Thorolf stepped onto the arena floor, a steel platform covered in coarse, spiked gravel, to an explosion of noise from the crowd. He ignored them, thankful for the heat of the planet’s three suns as they burned down on him. The coliseum was by far the largest he had fought in. Tiered galleries surrounded the fighting pit, towering up into the blood-stained sky to where even Thorolf’s enhanced eyes could make out no more than a vague outline. No wall separated the crowd from the gladiators, allowing a privileged few to be sprayed with the blood of a combatant as an opponent’s blade opened his flesh. Between each row of seated spectators a pole of spiked iron stood in the ground, the head of a fallen gladiator impaled upon its tip.
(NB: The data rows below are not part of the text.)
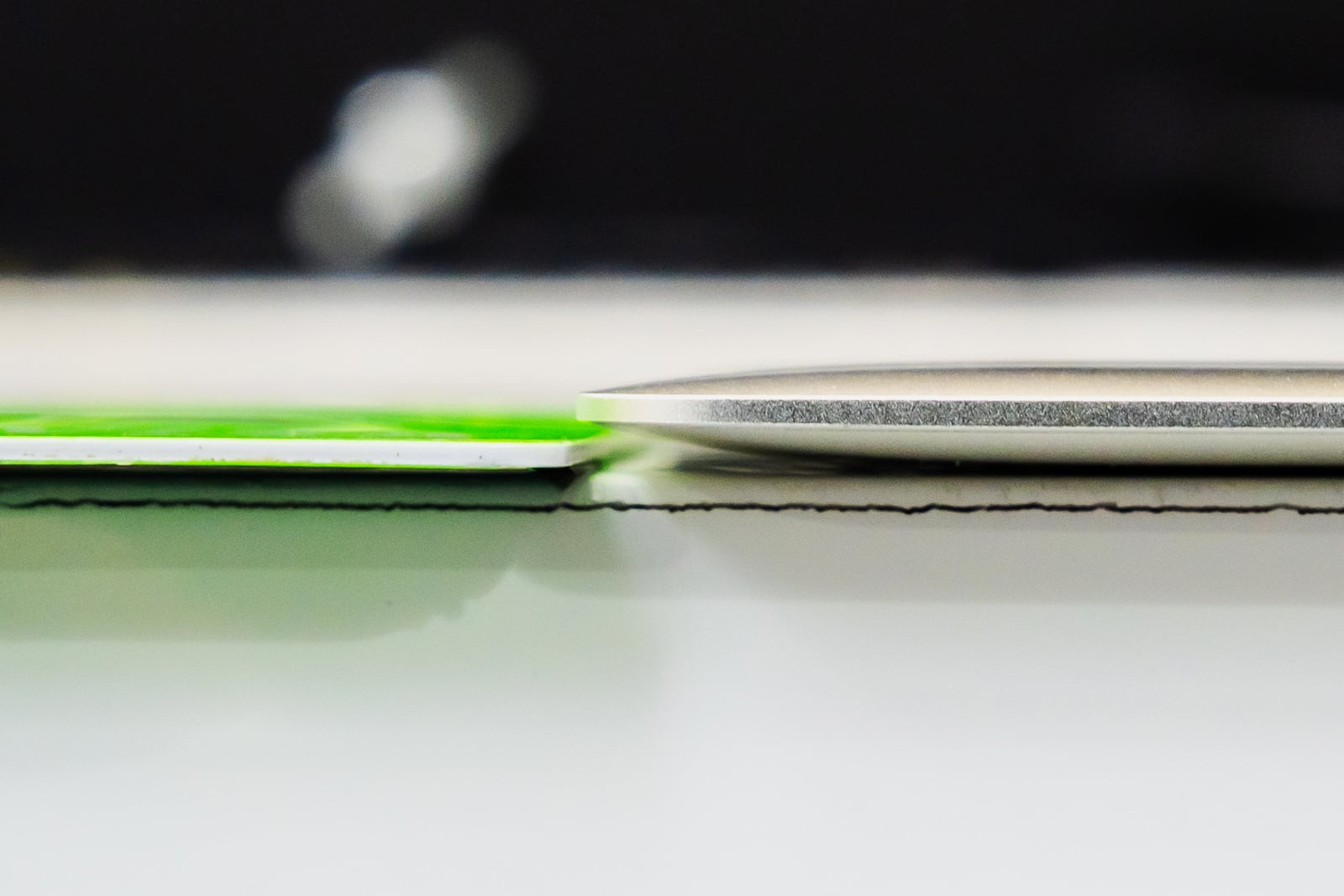 A side-by-side close-up shows a thin, flat green card next to a thicker, rounded metallic object resting on a white surface.
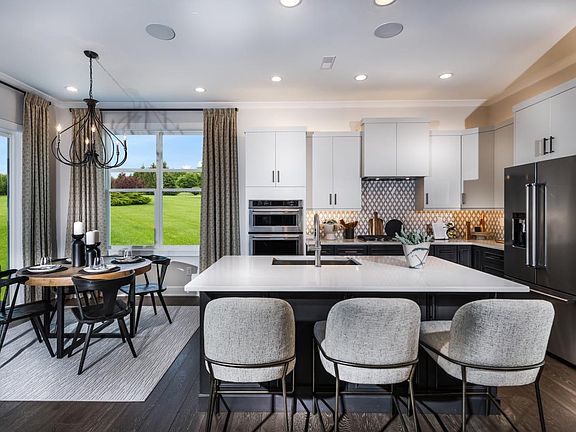 Well-appointed kitchen overlooks casual dining area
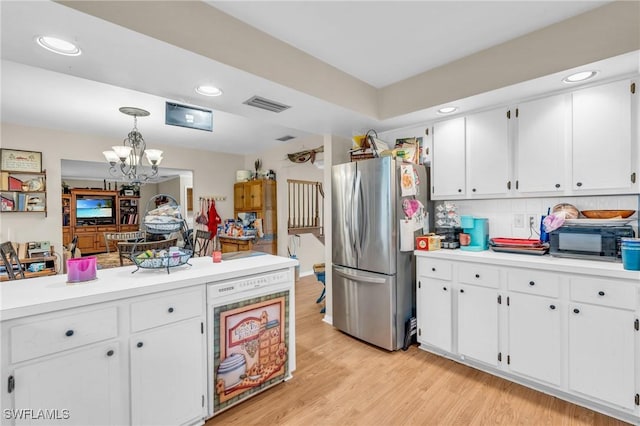 kitchen with pendant lighting, white cabinetry, light hardwood / wood-style floors, backsplash, and stainless steel fridge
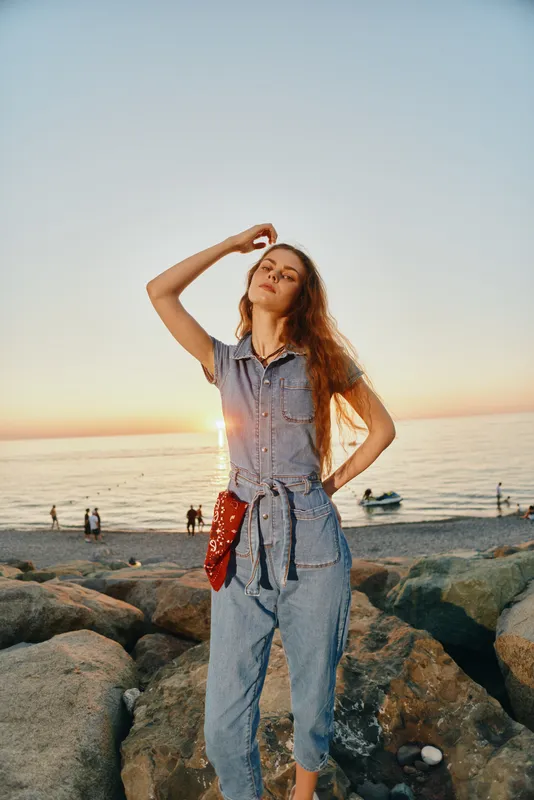 young woman standing on rocky beach at sunset wearing casual denim outfit with relaxed confident posture and calm sea background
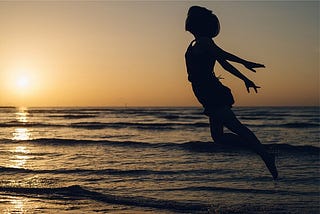 silhouette of someone jumping in the air with the ocean and sunset in the background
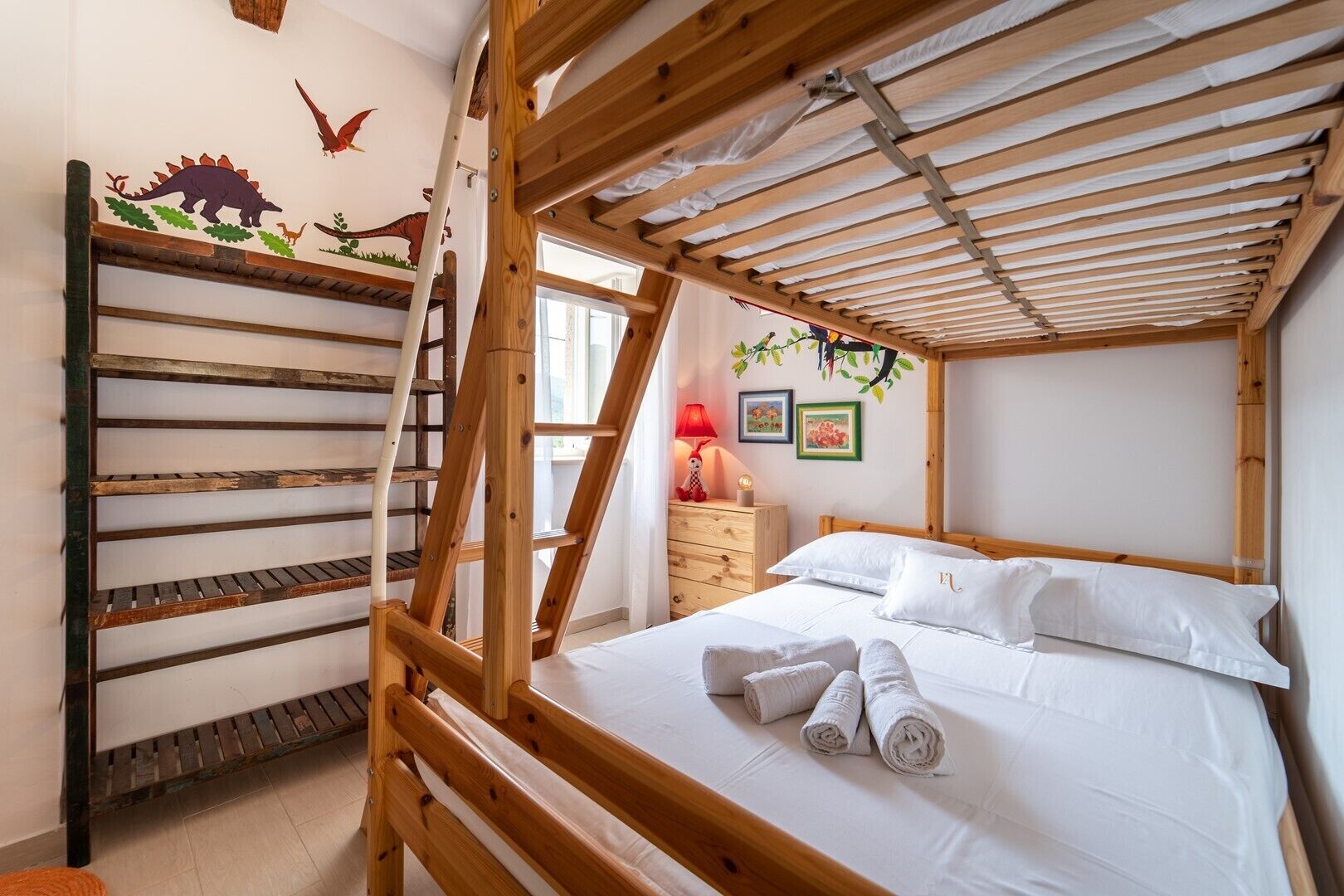 A bunk bed with a ladder, a wooden headboard, a bedside table with a lamp, and a wall with dinosaur decorations.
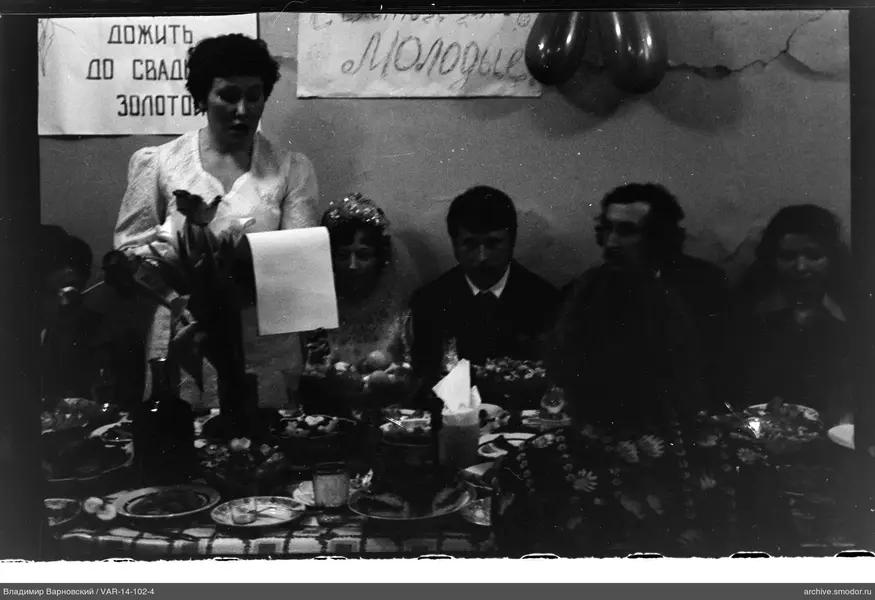 Woman with papers at wedding table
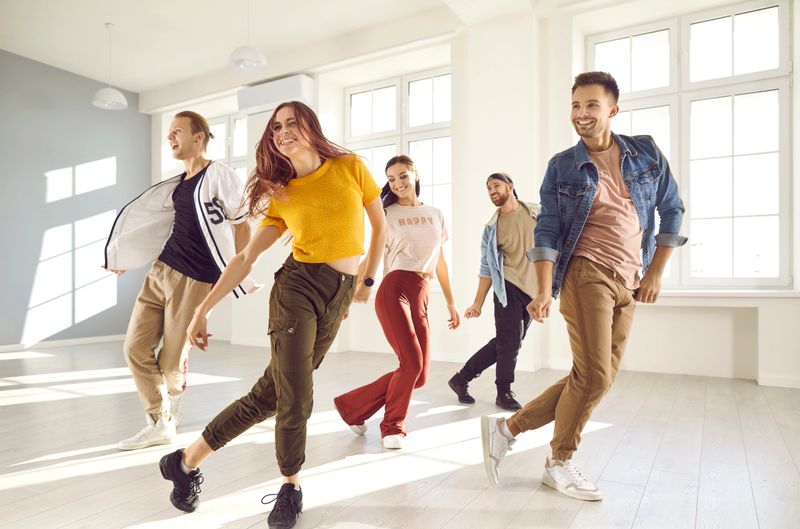 Group of happy beautiful young people enjoying a contemporary dancing class. Team of cheerful smiling dancers in casual wear practising a new choreo and having a good time together in a modern studio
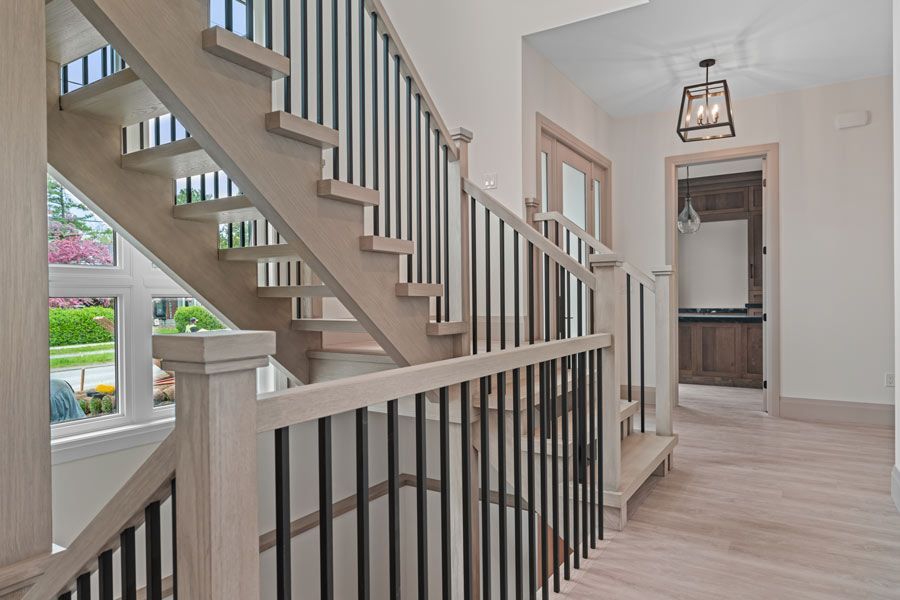 Modern home entry hall with staircase, gray railings, and light wood floors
At the opposite side of the arena, Thorolf saw his opponent – an ork. He had killed hundreds of the green beast’s kin on the field of battle, given the order to bombard thousands more out of existence from the deck of an orbiting battle-barge. But here, without the protection of his blessed armour, the cleansing rounds of his boltgun or the reassuring weight of the crozius arcanum, the hulking greenskin seemed a far harder proposition. Even hunched, the beast stood head and shoulders above Thorolf. Stood upright, it would have been double his height. The Ork gripped a makeshift mace in each of its oversized fists, metal poles with stone blocks chained to their tops.
Thorolf hefted the saw-blade he’d taken from the armoury in his right hand. ‘Pit the might of your faith against the strength of the foe and you will cease their onslaught,’ Thorolf knelt in prayer, sanctifying his temporary weapon the way he would have honoured his own battlegear.
The air above the centre of the arena sparked and distorted. Thorolf turned his attention upwards as the light folded in on itself creating a dark spot from which an obsidian balcony materialised. The platform was devoid of any thrusters, and Thorolf assumed it was held aloft by the same advanced anti-grav technology the eldar used on their skimming battle tanks. The crowd fell silent as the doors stood in the centre of the balcony swung open.